How do I get the key at a specific index from a Dictionary in Swift?

That's because keys returns LazyMapCollection<[Key : Value], Key>, which can't be subscripted with an Int. One way to handle this is to advance the dictionary's startIndex by the integer that you wanted to subscript by, for example:

let intIndex = 1 // where intIndex < myDictionary.count
let index = myDictionary.index(myDictionary.startIndex, offsetBy: intIndex)
myDictionary.keys[index]

Another possible solution would be to initialize an array with keys as input, then you can use integer subscripts on the result:

let firstKey = Array(myDictionary.keys)[0] // or .first

Remember, dictionaries are inherently unordered, so don't expect the key at a given index to always be the same.

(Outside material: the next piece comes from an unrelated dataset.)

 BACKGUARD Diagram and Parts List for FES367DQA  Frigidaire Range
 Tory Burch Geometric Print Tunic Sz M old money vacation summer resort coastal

Swift 3 : Array() can be useful to do this .

Get Key :

let index = 5 // Int Value
Array(myDict)[index].key

Get Value :

Array(myDict)[index].value

Here is a small extension for accessing keys and values in dictionary by index:

extension Dictionary {
    subscript(i: Int) -> (key: Key, value: Value) {
        return self[index(startIndex, offsetBy: i)]
    }
}

You can iterate over a dictionary and grab an index with for-in and enumerate (like others have said, there is no guarantee it will come out ordered like below)

let dict = ["c": 123, "d": 045, "a": 456]

for (index, entry) in enumerate(dict) {
    println(index)   // 0       1        2
    println(entry)   // (d, 45) (c, 123) (a, 456)
}

If you want to sort first..

var sortedKeysArray = sorted(dict) { $0.0 < $1.0 }
println(sortedKeysArray)   // [(a, 456), (c, 123), (d, 45)]

var sortedValuesArray = sorted(dict) { $0.1 < $1.1 }
println(sortedValuesArray) // [(d, 45), (c, 123), (a, 456)]

then iterate.

for (index, entry) in enumerate(sortedKeysArray) {
    println(index)    // 0   1   2
    println(entry.0)  // a   c   d
    println(entry.1)  // 456 123 45
}

If you want to create an ordered dictionary, you should look into Generics.